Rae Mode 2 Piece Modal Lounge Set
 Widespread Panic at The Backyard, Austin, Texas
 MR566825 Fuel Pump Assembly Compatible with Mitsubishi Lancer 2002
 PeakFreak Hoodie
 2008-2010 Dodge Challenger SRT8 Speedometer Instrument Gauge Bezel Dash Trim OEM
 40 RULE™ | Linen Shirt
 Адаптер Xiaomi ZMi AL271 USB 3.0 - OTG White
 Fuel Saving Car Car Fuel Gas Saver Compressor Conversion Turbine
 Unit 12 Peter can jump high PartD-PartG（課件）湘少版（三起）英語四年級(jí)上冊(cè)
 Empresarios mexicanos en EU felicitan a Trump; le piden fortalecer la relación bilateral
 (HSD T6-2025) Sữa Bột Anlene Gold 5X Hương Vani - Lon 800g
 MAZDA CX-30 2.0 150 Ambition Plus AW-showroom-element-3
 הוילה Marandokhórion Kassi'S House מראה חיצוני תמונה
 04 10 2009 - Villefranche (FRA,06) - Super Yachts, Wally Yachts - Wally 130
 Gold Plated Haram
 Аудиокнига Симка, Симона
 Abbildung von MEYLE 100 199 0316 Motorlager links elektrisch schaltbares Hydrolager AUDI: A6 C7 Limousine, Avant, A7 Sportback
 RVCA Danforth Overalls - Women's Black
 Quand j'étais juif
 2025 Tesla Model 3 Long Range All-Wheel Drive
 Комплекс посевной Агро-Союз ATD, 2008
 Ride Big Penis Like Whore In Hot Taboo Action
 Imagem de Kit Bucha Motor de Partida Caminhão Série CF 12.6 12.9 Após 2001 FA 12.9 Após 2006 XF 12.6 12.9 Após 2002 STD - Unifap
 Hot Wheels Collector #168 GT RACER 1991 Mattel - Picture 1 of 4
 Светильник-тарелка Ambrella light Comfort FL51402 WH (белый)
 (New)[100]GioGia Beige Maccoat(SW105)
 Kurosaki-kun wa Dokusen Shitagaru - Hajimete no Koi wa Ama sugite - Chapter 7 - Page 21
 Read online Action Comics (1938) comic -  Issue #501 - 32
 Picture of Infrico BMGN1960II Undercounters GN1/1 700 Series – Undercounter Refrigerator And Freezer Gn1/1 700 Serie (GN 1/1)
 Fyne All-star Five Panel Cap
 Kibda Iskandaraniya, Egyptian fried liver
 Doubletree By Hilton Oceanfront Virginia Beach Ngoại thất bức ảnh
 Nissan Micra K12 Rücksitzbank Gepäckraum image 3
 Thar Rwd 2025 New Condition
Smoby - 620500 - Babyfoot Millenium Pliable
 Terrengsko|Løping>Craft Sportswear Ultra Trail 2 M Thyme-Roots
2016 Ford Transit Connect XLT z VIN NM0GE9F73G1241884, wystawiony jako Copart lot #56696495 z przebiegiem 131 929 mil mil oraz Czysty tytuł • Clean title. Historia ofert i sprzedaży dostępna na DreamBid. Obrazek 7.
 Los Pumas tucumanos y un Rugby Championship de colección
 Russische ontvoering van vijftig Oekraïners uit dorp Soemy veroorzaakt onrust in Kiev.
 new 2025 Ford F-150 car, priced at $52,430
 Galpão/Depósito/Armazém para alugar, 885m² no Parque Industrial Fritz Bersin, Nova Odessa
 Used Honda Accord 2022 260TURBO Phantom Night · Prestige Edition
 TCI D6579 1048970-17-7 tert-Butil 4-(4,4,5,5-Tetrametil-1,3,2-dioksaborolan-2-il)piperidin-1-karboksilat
= = =
Reproduce the material word for word. Leave nothing out.

Rae Mode 2 Piece Modal Lounge Set
 Widespread Panic at The Backyard, Austin, Texas
 MR566825 Fuel Pump Assembly Compatible with Mitsubishi Lancer 2002
 PeakFreak Hoodie
 2008-2010 Dodge Challenger SRT8 Speedometer Instrument Gauge Bezel Dash Trim OEM
 40 RULE™ | Linen Shirt
 Адаптер Xiaomi ZMi AL271 USB 3.0 - OTG White
 Fuel Saving Car Car Fuel Gas Saver Compressor Conversion Turbine
 Unit 12 Peter can jump high PartD-PartG（課件）湘少版（三起）英語四年級(jí)上冊(cè)
 Empresarios mexicanos en EU felicitan a Trump; le piden fortalecer la relación bilateral
 (HSD T6-2025) Sữa Bột Anlene Gold 5X Hương Vani - Lon 800g
 MAZDA CX-30 2.0 150 Ambition Plus AW-showroom-element-3
 הוילה Marandokhórion Kassi'S House מראה חיצוני תמונה
 04 10 2009 - Villefranche (FRA,06) - Super Yachts, Wally Yachts - Wally 130
 Gold Plated Haram
 Аудиокнига Симка, Симона
 Abbildung von MEYLE 100 199 0316 Motorlager links elektrisch schaltbares Hydrolager AUDI: A6 C7 Limousine, Avant, A7 Sportback
 RVCA Danforth Overalls - Women's Black
 Quand j'étais juif
 2025 Tesla Model 3 Long Range All-Wheel Drive
 Комплекс посевной Агро-Союз ATD, 2008
 Ride Big Penis Like Whore In Hot Taboo Action
 Imagem de Kit Bucha Motor de Partida Caminhão Série CF 12.6 12.9 Após 2001 FA 12.9 Após 2006 XF 12.6 12.9 Após 2002 STD - Unifap
 Hot Wheels Collector #168 GT RACER 1991 Mattel - Picture 1 of 4
 Светильник-тарелка Ambrella light Comfort FL51402 WH (белый)
 (New)[100]GioGia Beige Maccoat(SW105)
 Kurosaki-kun wa Dokusen Shitagaru - Hajimete no Koi wa Ama sugite - Chapter 7 - Page 21
 Read online Action Comics (1938) comic -  Issue #501 - 32
 Picture of Infrico BMGN1960II Undercounters GN1/1 700 Series – Undercounter Refrigerator And Freezer Gn1/1 700 Serie (GN 1/1)
 Fyne All-star Five Panel Cap
 Kibda Iskandaraniya, Egyptian fried liver
 Doubletree By Hilton Oceanfront Virginia Beach Ngoại thất bức ảnh
 Nissan Micra K12 Rücksitzbank Gepäckraum image 3
 Thar Rwd 2025 New Condition
Smoby - 620500 - Babyfoot Millenium Pliable
 Terrengsko|Løping>Craft Sportswear Ultra Trail 2 M Thyme-Roots
2016 Ford Transit Connect XLT z VIN NM0GE9F73G1241884, wystawiony jako Copart lot #56696495 z przebiegiem 131 929 mil mil oraz Czysty tytuł • Clean title. Historia ofert i sprzedaży dostępna na DreamBid. Obrazek 7.
 Los Pumas tucumanos y un Rugby Championship de colección
 Russische ontvoering van vijftig Oekraïners uit dorp Soemy veroorzaakt onrust in Kiev.
 new 2025 Ford F-150 car, priced at $52,430
 Galpão/Depósito/Armazém para alugar, 885m² no Parque Industrial Fritz Bersin, Nova Odessa
 Used Honda Accord 2022 260TURBO Phantom Night · Prestige Edition
 TCI D6579 1048970-17-7 tert-Butil 4-(4,4,5,5-Tetrametil-1,3,2-dioksaborolan-2-il)piperidin-1-karboksilat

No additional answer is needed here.